Never Give Up, Never Surrender – Part 2

I’d been given Vicodin after a few hours arriving at the Alexandria INOVA Hospital Emergency Room, so I was down to an a eight on the pain scale, rather than the twelve I was when I arrived in the ambulance. Perhaps this is why the ER doctor felt my back injury didn’t warrant any actual care.   Fortunately, the Physician Assistant came to my rescue in the nick of time with the news that Radiology could fit me in after all.

When the ER doctor stopped glaring at PA, who had just made her look lazy and incompetent, she signed off on the order for the MRI and sent me and my gurney on our merry way.

Radiology also proved to be no less of an adventure than the ER.

My previous experience with MRI machines was that my weight would be a problem: many MRI machines have tables that only support 250lbs or less. With INOVA’s MRI machine, my weight wasn’t a problem, but my shoulders were. Fortunately, the radiology tech had a few tricks up his sleeve, and he had me stretch my arms about my head before sliding me into the MRI “pipe”. The fit was snug, and the country music piped in over headphones helped, but after ten minutes of buzzing, the tech pulled me out and said they were having calibration issues and needed to use another MRI machine.

The walk to the second MRI machine was the slowest and most painful fifteen yards I’d ever walked. But I made it to the table, laid down, stretched my arms above me, closed my eyes, and relaxed to some Kenny Chesney while the MRI hummed in the background.

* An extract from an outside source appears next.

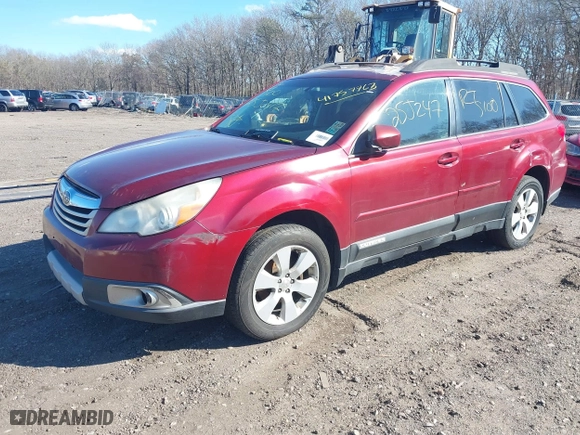 2012 Subaru Outback 2.5i Prem with VIN 4S4BRBGC7C3236184, listed as a IAAI auction lot 41757763 with 999,999 mi miles. Bid and sale history available at carsss.com. Image 2.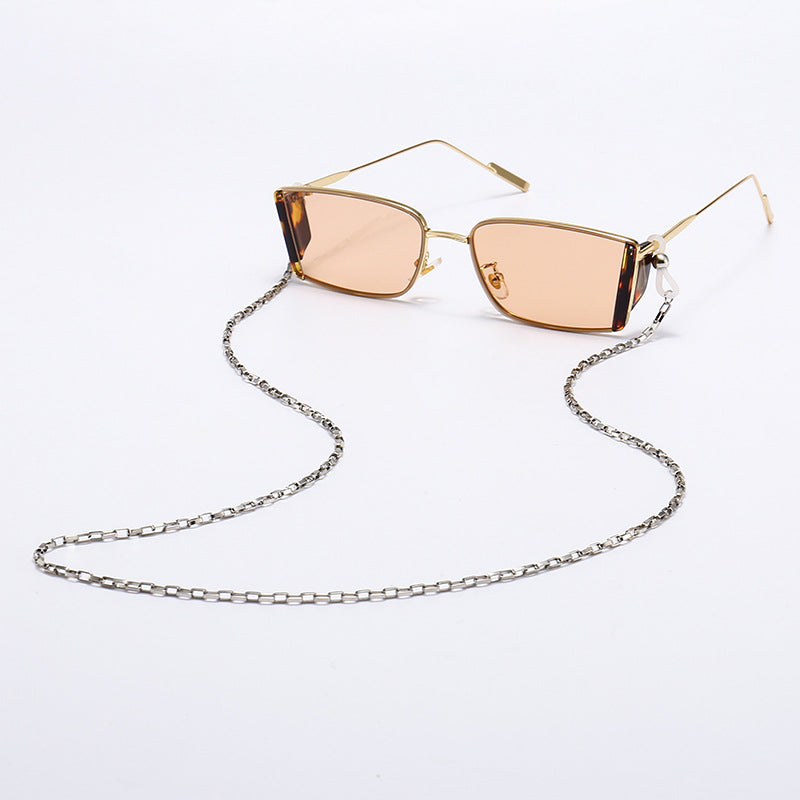 Modische Brillen mit stylischer Kette Karnz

After a five minutes, the technician’s voice popped in over the radio, saying the machine was calibrated, and the test would take about thirty minutes. I just kept my eyes closed, half-listening to the country lyrics, and tried not to give into claustrophobia.

After another five minutes, I realized I had a bigger problem: I needed to pee.

One of the possible side effects of an MRI is an increase in body temperature. The MRI machine works a lot like a microwave oven, so over the next twenty-five minutes, I could feel the urine in my bladder steadily increasing in temperature. I knew the technicians probably wouldn’t be happy if I wet their multi-million-dollar machine, so I did my best to pass the time without thinking about growing pressure, warmth and discomfort. By the end of the scan, the pain in my bladder had reached parity with the pain in my back, and I felt like I was sprinting to the restroom twenty yards way.